### Task directions
Write out the entries below exactly, but only from the line containing "hyperautomation" through the line containing "EUR/USD: восходящая динамика", and without the pictures.
:: Data records
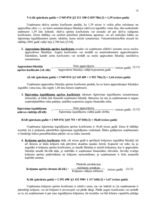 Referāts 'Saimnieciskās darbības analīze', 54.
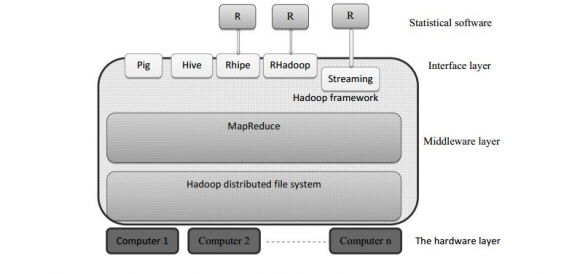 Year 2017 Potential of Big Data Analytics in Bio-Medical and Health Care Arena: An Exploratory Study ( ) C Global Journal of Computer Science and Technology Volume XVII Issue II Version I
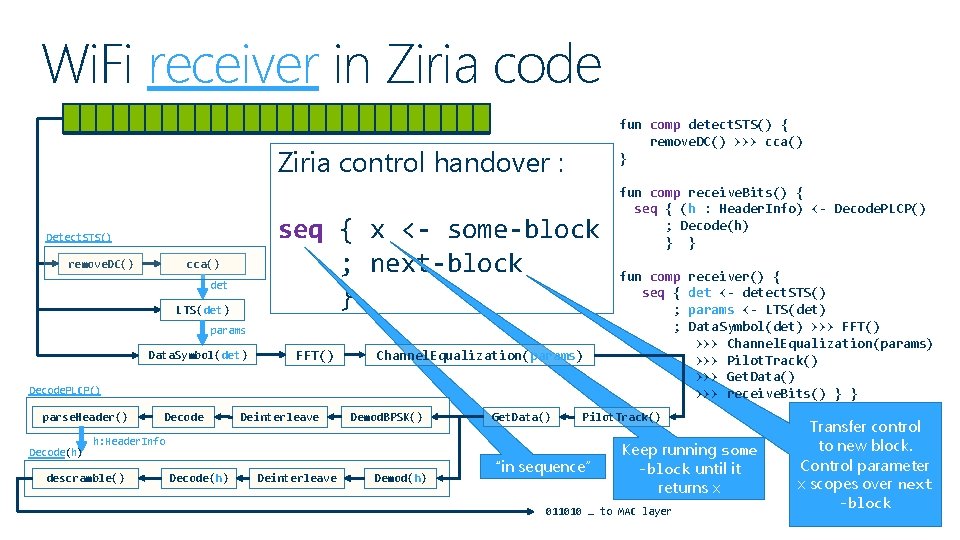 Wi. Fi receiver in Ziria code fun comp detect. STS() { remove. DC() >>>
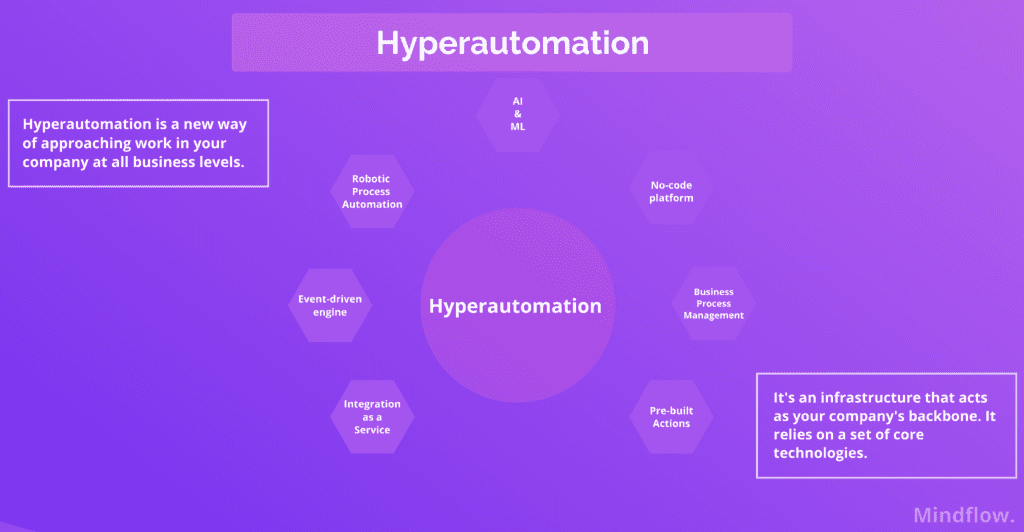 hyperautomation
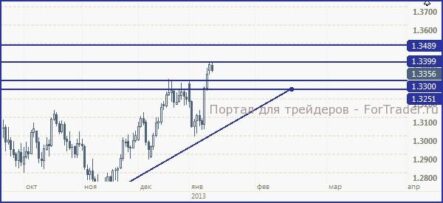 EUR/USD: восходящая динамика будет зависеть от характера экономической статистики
::::
:: Data records
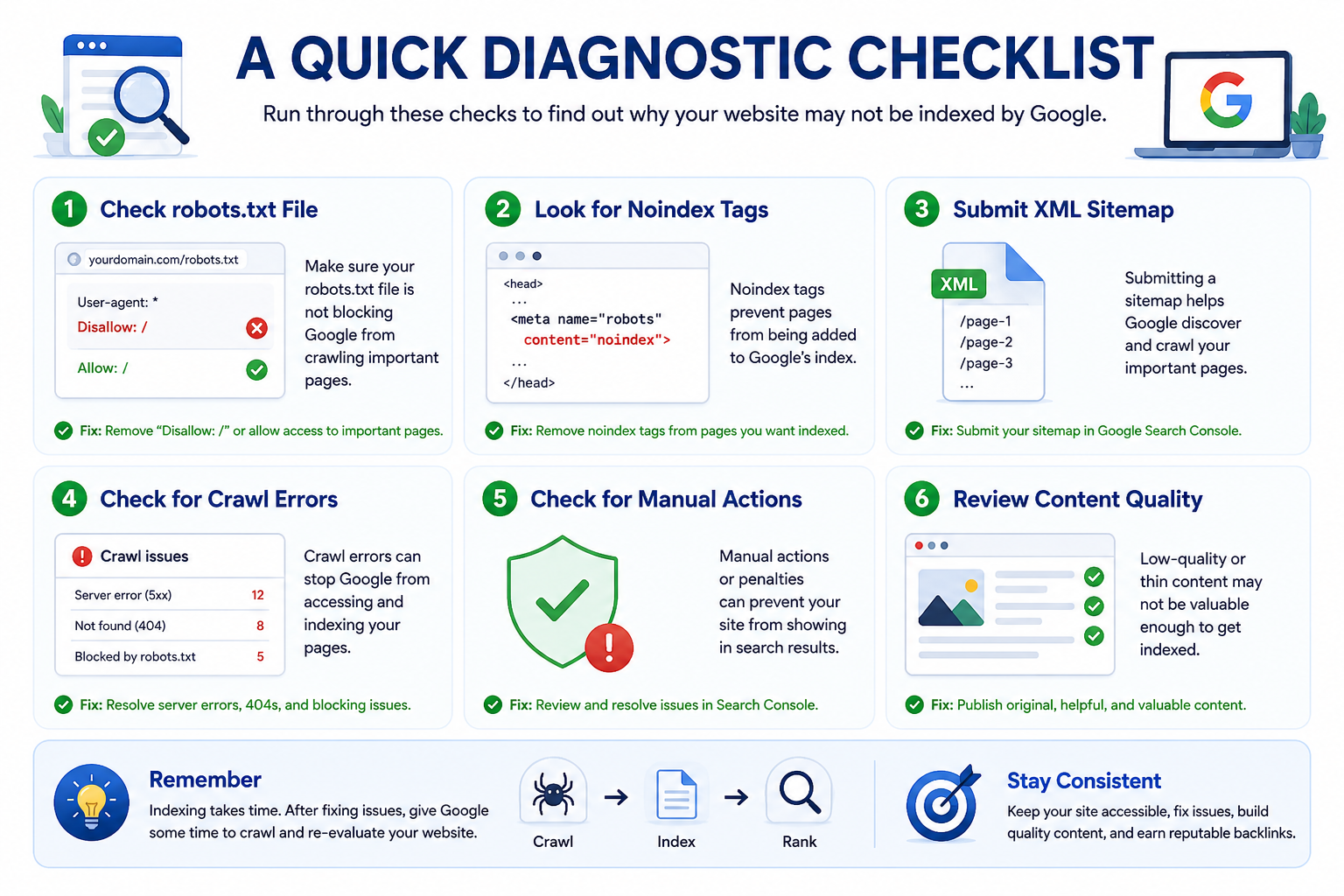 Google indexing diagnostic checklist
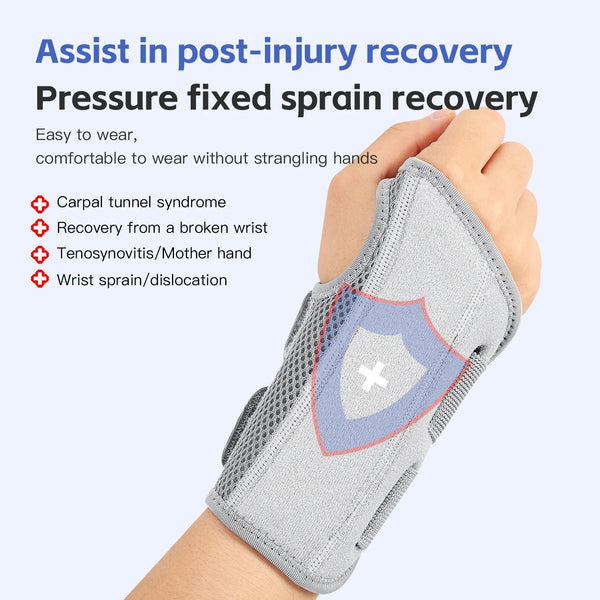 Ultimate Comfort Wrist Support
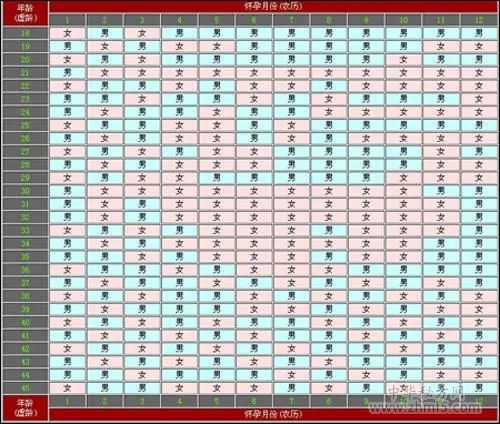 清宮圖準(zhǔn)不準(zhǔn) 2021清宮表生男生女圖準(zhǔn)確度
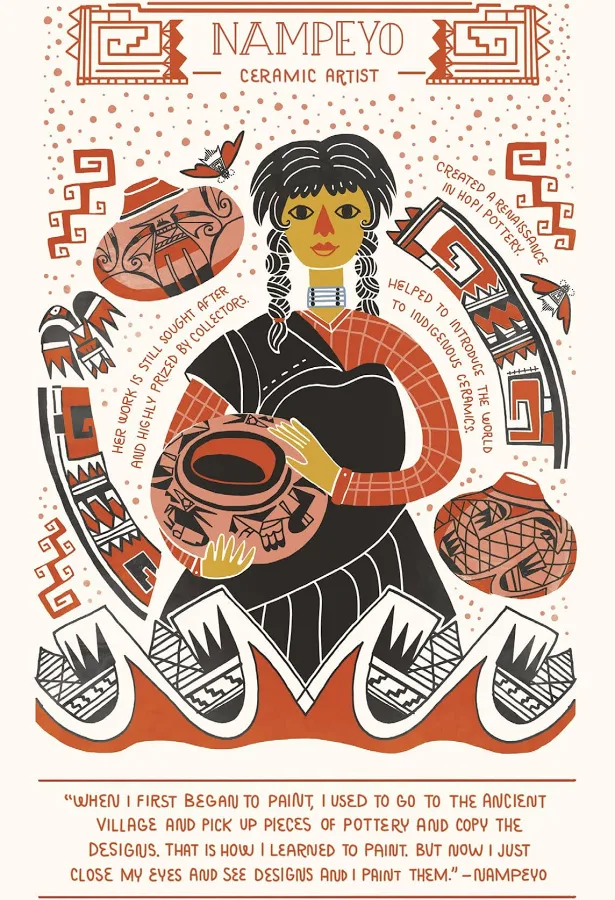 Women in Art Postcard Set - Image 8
::::
### Answer space
 hyperautomation
 EUR/USD: восходящая динамика будет зависеть от характера экономической статистики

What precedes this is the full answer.